• DATA TO USE:

※ ※ ※

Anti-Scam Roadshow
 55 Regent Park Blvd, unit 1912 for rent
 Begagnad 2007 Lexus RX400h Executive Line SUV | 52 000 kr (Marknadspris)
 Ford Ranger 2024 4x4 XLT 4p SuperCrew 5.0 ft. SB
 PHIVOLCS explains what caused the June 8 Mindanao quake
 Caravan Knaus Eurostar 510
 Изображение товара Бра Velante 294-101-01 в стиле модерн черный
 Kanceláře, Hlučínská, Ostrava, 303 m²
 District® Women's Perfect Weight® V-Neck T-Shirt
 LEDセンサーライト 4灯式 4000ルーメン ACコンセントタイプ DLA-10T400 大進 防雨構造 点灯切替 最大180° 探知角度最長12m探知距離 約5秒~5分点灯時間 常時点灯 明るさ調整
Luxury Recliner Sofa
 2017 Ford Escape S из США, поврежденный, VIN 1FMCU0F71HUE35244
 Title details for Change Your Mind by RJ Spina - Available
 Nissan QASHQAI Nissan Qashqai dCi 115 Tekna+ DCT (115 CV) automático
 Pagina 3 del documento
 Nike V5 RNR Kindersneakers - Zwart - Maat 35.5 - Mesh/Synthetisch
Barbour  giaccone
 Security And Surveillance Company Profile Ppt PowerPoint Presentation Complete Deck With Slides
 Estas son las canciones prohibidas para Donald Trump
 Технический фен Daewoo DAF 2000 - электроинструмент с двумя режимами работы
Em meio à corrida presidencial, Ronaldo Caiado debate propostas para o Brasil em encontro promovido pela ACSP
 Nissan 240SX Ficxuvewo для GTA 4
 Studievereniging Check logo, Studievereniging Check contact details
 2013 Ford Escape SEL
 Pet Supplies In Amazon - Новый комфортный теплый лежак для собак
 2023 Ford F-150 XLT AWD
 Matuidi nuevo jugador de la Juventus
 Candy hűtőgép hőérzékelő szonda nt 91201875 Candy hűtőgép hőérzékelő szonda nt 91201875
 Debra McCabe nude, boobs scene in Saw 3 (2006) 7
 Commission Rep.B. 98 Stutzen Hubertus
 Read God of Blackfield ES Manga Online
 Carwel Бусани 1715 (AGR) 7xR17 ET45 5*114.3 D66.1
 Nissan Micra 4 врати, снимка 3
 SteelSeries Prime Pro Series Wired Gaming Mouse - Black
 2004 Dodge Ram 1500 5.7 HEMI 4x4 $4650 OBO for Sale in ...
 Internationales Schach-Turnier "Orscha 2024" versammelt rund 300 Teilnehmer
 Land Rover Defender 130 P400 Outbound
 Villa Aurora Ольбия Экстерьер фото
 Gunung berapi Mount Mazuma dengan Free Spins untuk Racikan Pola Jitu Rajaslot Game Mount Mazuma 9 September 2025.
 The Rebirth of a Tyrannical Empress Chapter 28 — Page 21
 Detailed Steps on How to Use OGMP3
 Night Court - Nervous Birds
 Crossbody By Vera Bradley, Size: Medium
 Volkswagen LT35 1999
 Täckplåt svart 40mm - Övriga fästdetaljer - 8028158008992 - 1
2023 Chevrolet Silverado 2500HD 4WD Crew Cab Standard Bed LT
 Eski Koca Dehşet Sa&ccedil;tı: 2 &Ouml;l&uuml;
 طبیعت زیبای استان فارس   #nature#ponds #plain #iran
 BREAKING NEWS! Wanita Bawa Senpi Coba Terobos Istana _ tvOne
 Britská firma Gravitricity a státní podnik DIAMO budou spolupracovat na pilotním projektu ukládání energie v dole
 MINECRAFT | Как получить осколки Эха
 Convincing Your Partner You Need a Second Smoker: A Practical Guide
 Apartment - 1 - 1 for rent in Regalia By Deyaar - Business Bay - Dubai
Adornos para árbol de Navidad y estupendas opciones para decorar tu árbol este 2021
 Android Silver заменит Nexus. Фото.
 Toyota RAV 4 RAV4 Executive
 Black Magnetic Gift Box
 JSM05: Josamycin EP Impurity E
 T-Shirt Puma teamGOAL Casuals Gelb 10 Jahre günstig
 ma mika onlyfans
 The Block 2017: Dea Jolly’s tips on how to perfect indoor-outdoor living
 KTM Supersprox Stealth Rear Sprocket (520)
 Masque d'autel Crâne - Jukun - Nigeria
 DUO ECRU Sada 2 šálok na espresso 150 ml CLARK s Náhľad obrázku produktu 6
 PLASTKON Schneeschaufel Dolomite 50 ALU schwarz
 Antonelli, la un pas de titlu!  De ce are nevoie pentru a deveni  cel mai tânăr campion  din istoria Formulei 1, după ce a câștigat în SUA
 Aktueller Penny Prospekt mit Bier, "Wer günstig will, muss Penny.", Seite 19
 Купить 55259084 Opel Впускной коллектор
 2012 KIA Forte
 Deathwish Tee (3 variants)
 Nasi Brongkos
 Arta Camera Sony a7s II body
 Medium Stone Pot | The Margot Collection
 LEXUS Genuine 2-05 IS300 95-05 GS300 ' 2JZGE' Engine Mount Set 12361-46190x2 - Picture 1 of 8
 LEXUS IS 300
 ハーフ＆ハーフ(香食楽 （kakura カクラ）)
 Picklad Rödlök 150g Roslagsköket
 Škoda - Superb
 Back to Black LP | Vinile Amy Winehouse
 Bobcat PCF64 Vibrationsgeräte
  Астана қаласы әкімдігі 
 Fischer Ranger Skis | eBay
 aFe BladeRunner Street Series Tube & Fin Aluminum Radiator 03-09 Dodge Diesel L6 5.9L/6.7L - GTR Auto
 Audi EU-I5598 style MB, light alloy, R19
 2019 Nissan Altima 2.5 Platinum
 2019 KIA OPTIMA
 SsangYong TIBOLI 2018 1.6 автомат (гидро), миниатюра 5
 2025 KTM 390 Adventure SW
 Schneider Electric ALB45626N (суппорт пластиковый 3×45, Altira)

※ ※ ※

• AIM OF THE TASK:
Output the material above exactly, but only from the line that carries "Nike V5 RNR" through the line that carries "Convincing Your Partner".

• OUTPUT:
 Nike V5 RNR Kindersneakers - Zwart - Maat 35.5 - Mesh/Synthetisch
Barbour  giaccone
 Security And Surveillance Company Profile Ppt PowerPoint Presentation Complete Deck With Slides
 Estas son las canciones prohibidas para Donald Trump
 Технический фен Daewoo DAF 2000 - электроинструмент с двумя режимами работы
Em meio à corrida presidencial, Ronaldo Caiado debate propostas para o Brasil em encontro promovido pela ACSP
 Nissan 240SX Ficxuvewo для GTA 4
 Studievereniging Check logo, Studievereniging Check contact details
 2013 Ford Escape SEL
 Pet Supplies In Amazon - Новый комфортный теплый лежак для собак
 2023 Ford F-150 XLT AWD
 Matuidi nuevo jugador de la Juventus
 Candy hűtőgép hőérzékelő szonda nt 91201875 Candy hűtőgép hőérzékelő szonda nt 91201875
 Debra McCabe nude, boobs scene in Saw 3 (2006) 7
 Commission Rep.B. 98 Stutzen Hubertus
 Read God of Blackfield ES Manga Online
 Carwel Бусани 1715 (AGR) 7xR17 ET45 5*114.3 D66.1
 Nissan Micra 4 врати, снимка 3
 SteelSeries Prime Pro Series Wired Gaming Mouse - Black
 2004 Dodge Ram 1500 5.7 HEMI 4x4 $4650 OBO for Sale in ...
 Internationales Schach-Turnier "Orscha 2024" versammelt rund 300 Teilnehmer
 Land Rover Defender 130 P400 Outbound
 Villa Aurora Ольбия Экстерьер фото
 Gunung berapi Mount Mazuma dengan Free Spins untuk Racikan Pola Jitu Rajaslot Game Mount Mazuma 9 September 2025.
 The Rebirth of a Tyrannical Empress Chapter 28 — Page 21
 Detailed Steps on How to Use OGMP3
 Night Court - Nervous Birds
 Crossbody By Vera Bradley, Size: Medium
 Volkswagen LT35 1999
 Täckplåt svart 40mm - Övriga fästdetaljer - 8028158008992 - 1
2023 Chevrolet Silverado 2500HD 4WD Crew Cab Standard Bed LT
 Eski Koca Dehşet Sa&ccedil;tı: 2 &Ouml;l&uuml;
 طبیعت زیبای استان فارس   #nature#ponds #plain #iran
 BREAKING NEWS! Wanita Bawa Senpi Coba Terobos Istana _ tvOne
 Britská firma Gravitricity a státní podnik DIAMO budou spolupracovat na pilotním projektu ukládání energie v dole
 MINECRAFT | Как получить осколки Эха
 Convincing Your Partner You Need a Second Smoker: A Practical Guide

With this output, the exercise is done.